That's right, I've decided what I want to do with my life. Thank you E! entertainment televisions and Forbes Top 20 Hip Hop High Rollers (or something like that).
I am going to release a nice rap album with a catchy hook, so I can get all those downloads and then I'll parlay that into a clothing line/crunk drink/luxury car rental entreprenueresque something something.
I mean, the number 20 guy earned something like 10 million.
It'll be a great gimic, the rappin' momma, look for it soon on Itunes.
NOW, on to brownier business.
The first (un)official Chocolate meth reviews are in and it does not look good.
Ghiradelli Caramel Turtle Brownies are around 2.50 a box (which is steep for mix it yourownself brownies, IMO) and they could only possibly have less chocolate flavor if they were not chocolate.
This makes me sad :(.
Waste of an egg actually.
I will say this, the problem (for me) may have also been the prescence of walnut, which is not my favority brownie nut, I'm more pecans in brownies, but I will plow ahead.

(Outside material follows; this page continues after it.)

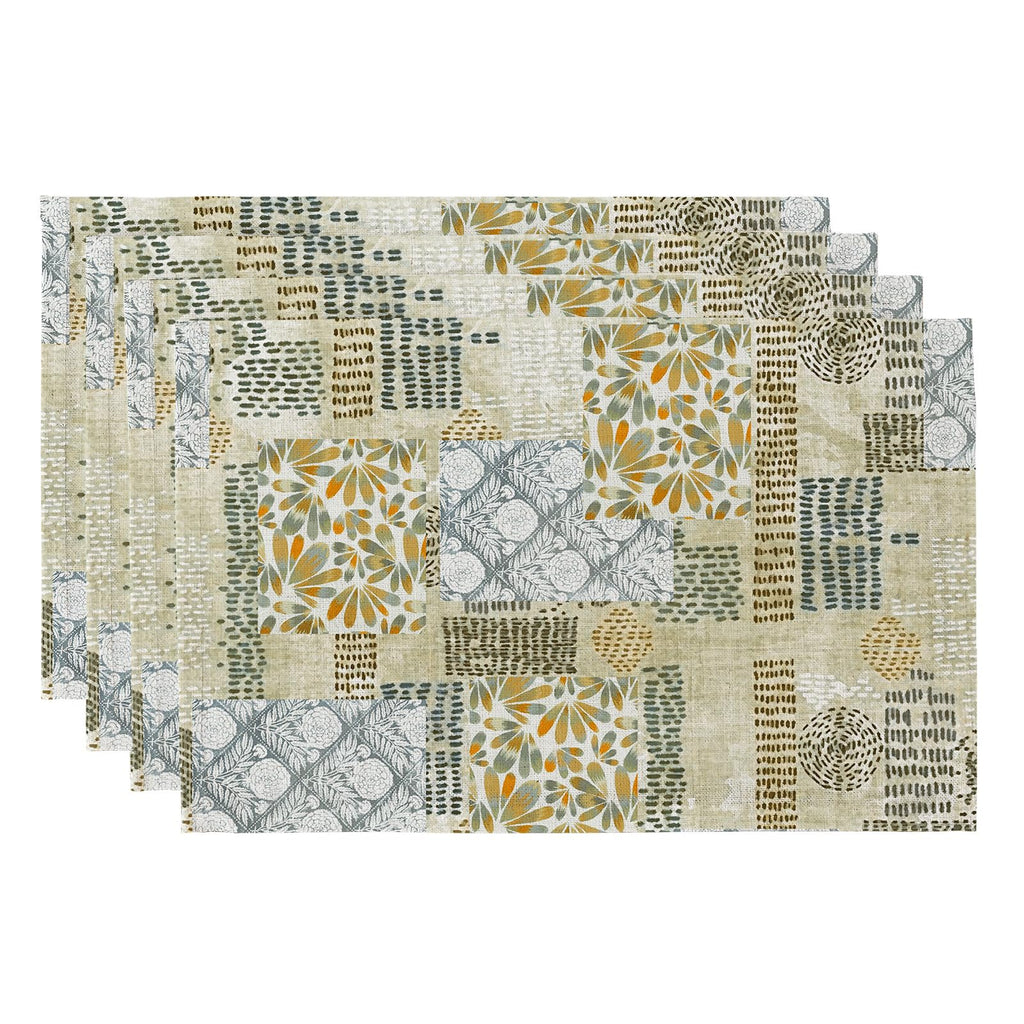 QIYI Boho Table Placemats Set of 4, 12"x18" Linen Place Mats, Wildflowers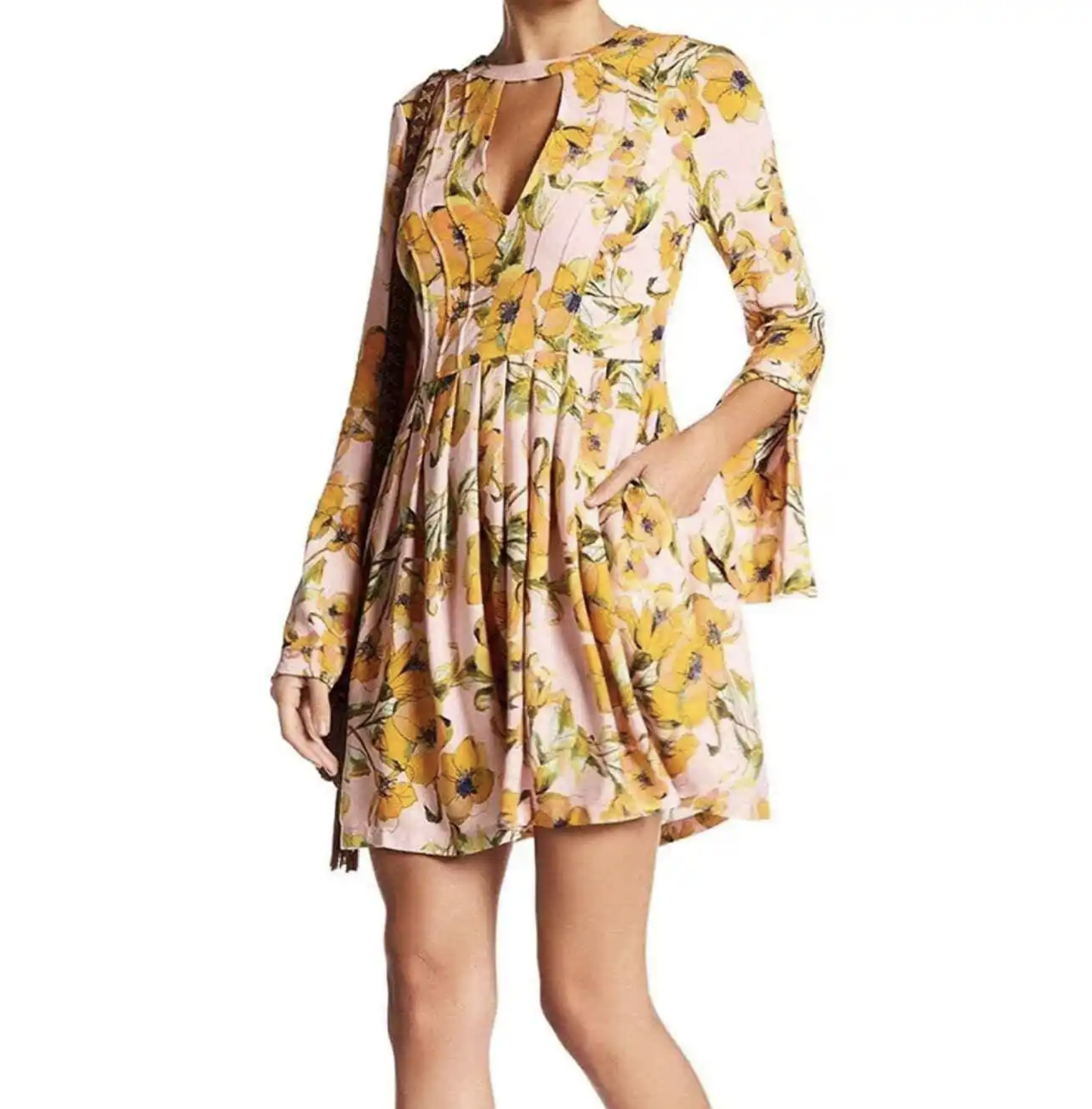 Free People Tegan Pink Yellow Floral Print Tunic Mini Dress Size 6 Keyhole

It should also be noted that brownies generally only last about 24 hours total in our house, these lasted the entire weekend and then I took pity and (gasp!) fed them to the cat.
Tomorrow isDuncan Hines Double Chocolate Chocolate- lovers which were only 1.78 at Wal-Mart so hopefully in this case cheaper will be better.
Now, for my third and final choice for the Erma Bombeck Writing contest.
The irreversible evolution of panties starts young. I can already see the sad signs of undergarment preoccupation in my five year old, who flat out refuses to wear Days of the Week underwear that do not match said calendar day. These are the things that can make or break potty-training. This is not about underwear for the wee ones; however, it’s about big girl underwear. More accurately, the evolutions of said undies.
When I was dating my beloved, I literally collected underwear. All kinds of frilly and frothy wisps of lace and satin. You may think I’m kidding, but into our first apartment we moved something like seven hundred pair of panties. Addicted to the adorable I was, but then, the inevitable occurred, I got pregnant.
I was thrilled, I was ecstatic, I was unaware the state of underneath my clothes was about to drastically change. Never one of those women who simpered over a salad under normal conditions, I took to pregnancy the way an elephant might. Eating roughly the weight of a pachyderm each day, I became well versed in the weight gain joy of pregnancy.
The tiny thongs were the first to go. I couldn’t bear to part with them, so I simply packed them away for after.
Fast forward six years, three pregnancies and timeless hours spent nursing later, I couldn’t find those thongs with a map and a handy-dandy thong locator (if such a thing exists, I doubt it’s been invented, men would much rather stand in line to volunteer for this position).
I can however, locate quite a few pair of sensible cotton ‘granny panties’. I, for a while, referred to them laughingly as my ‘fat panties.’ I am well aware that my betrothed is fondly reminiscent of the bygone days of the thong, but I ignore it, reasoning that well, one day they will surely return. And they have, in bits and spurts; I’ve added some cute panties back into the mix. But to be perfectly honest, I like my fatpanties. They are comfy; they don’t squeeze, chafe, or disappear into sensitive parts of my anatomy.
Of course I miss her, the vampy vixen whose bra always matched her panties, but let’s face it, she’s got lasagnas to make and carpooling to do, she can’t be stopping every ten minutes to dig, push and adjust. Until my children are grown and I get some serious plastic surgery, she may just have to make do with frump more often than not.
This one is one of my favorite shorts, but I'm not sure it's right.